## Saved entries:
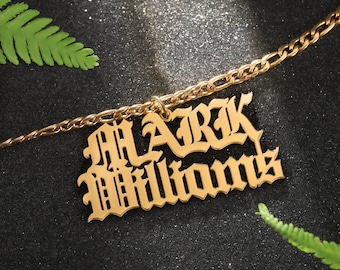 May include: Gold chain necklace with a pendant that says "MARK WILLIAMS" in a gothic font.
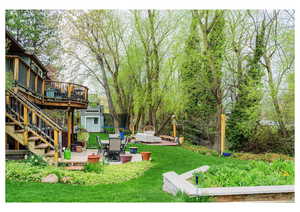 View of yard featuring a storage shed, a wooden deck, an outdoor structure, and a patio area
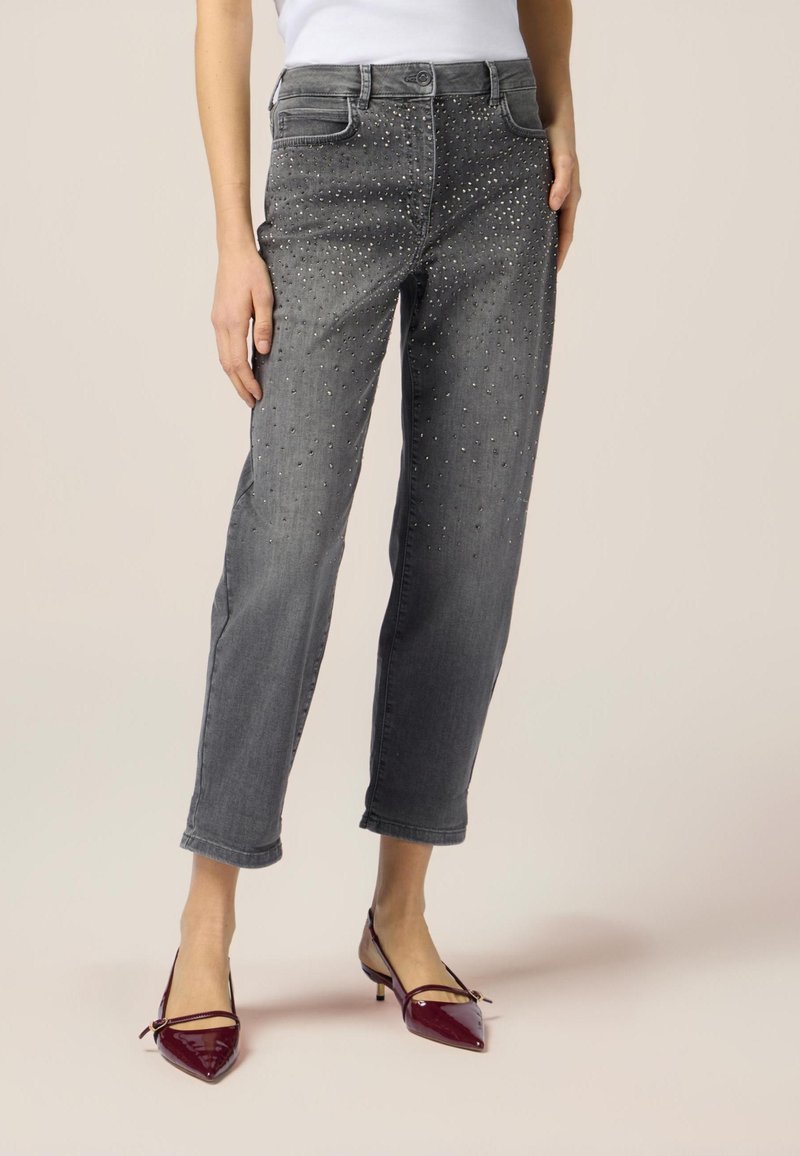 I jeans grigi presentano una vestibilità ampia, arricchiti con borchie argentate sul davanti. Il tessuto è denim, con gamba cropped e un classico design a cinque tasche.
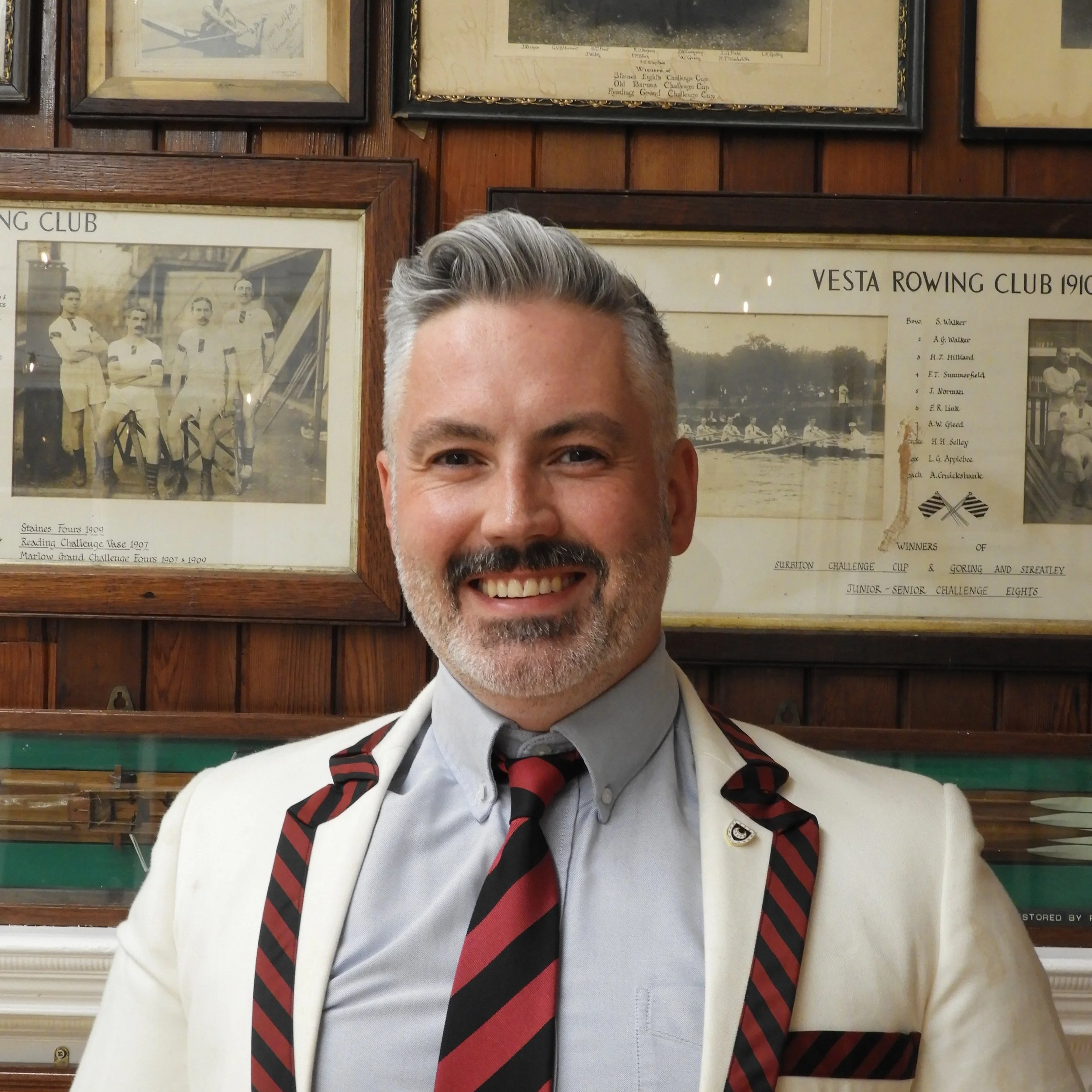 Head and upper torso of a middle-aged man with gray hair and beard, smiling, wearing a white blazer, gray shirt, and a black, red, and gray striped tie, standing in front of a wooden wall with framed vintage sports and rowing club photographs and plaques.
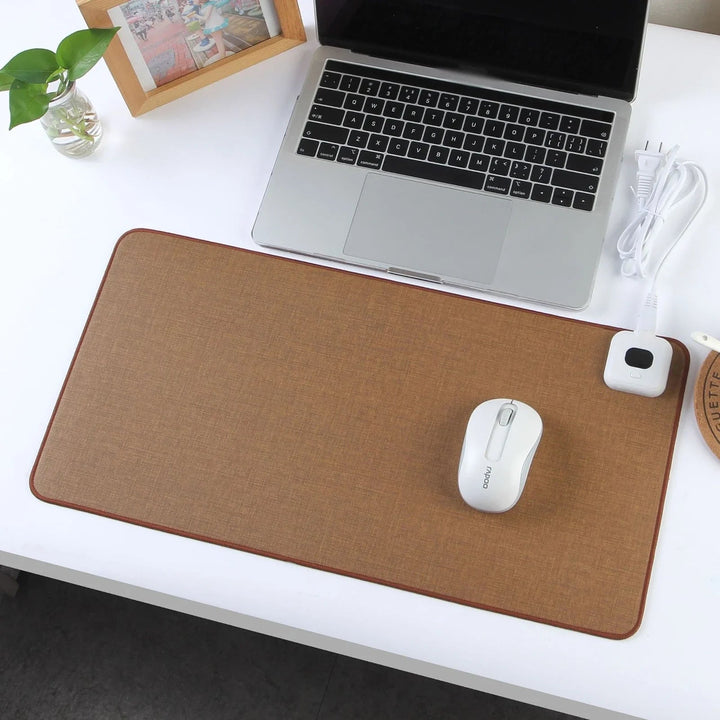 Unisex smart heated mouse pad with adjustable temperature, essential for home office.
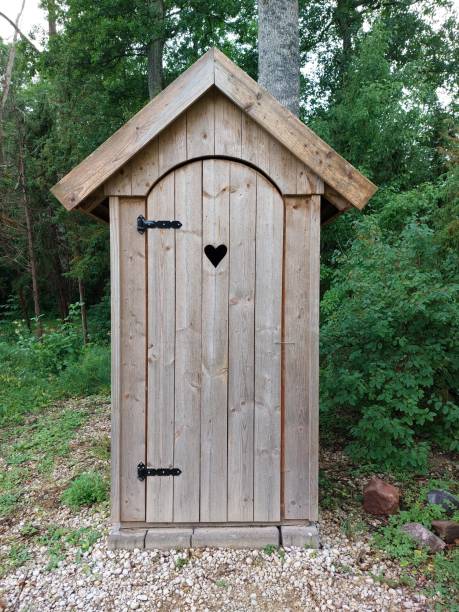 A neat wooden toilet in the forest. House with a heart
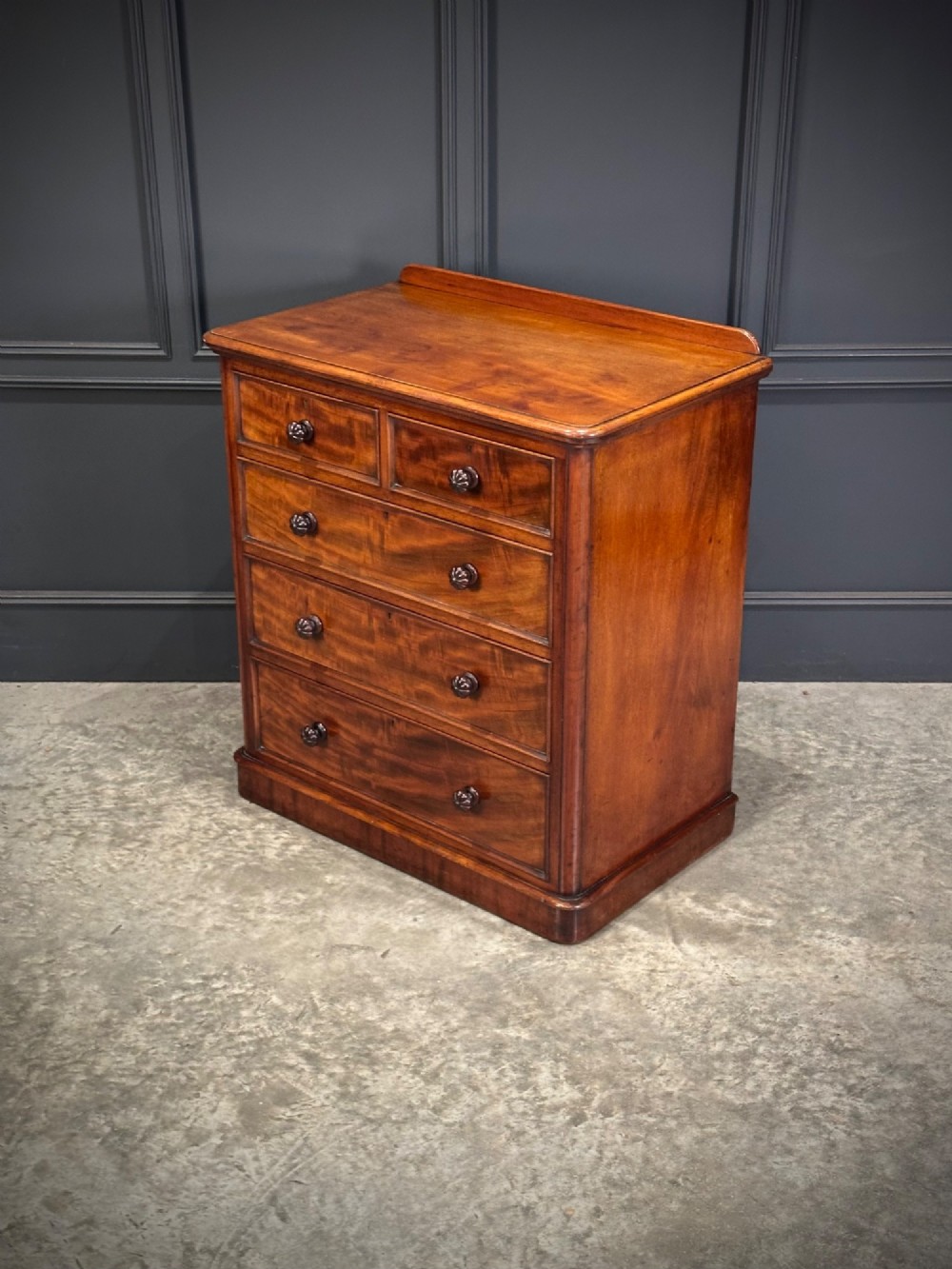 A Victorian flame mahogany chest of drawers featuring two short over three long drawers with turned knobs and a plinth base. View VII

## Exercise instructions:
Copy out, with no pictures, the lines from the one containing "A neat wooden" through the last line of the data above, both ends included and each word unchanged.

## Finished exercise:
 A neat wooden toilet in the forest. House with a heart
 A Victorian flame mahogany chest of drawers featuring two short over three long drawers with turned knobs and a plinth base. View VII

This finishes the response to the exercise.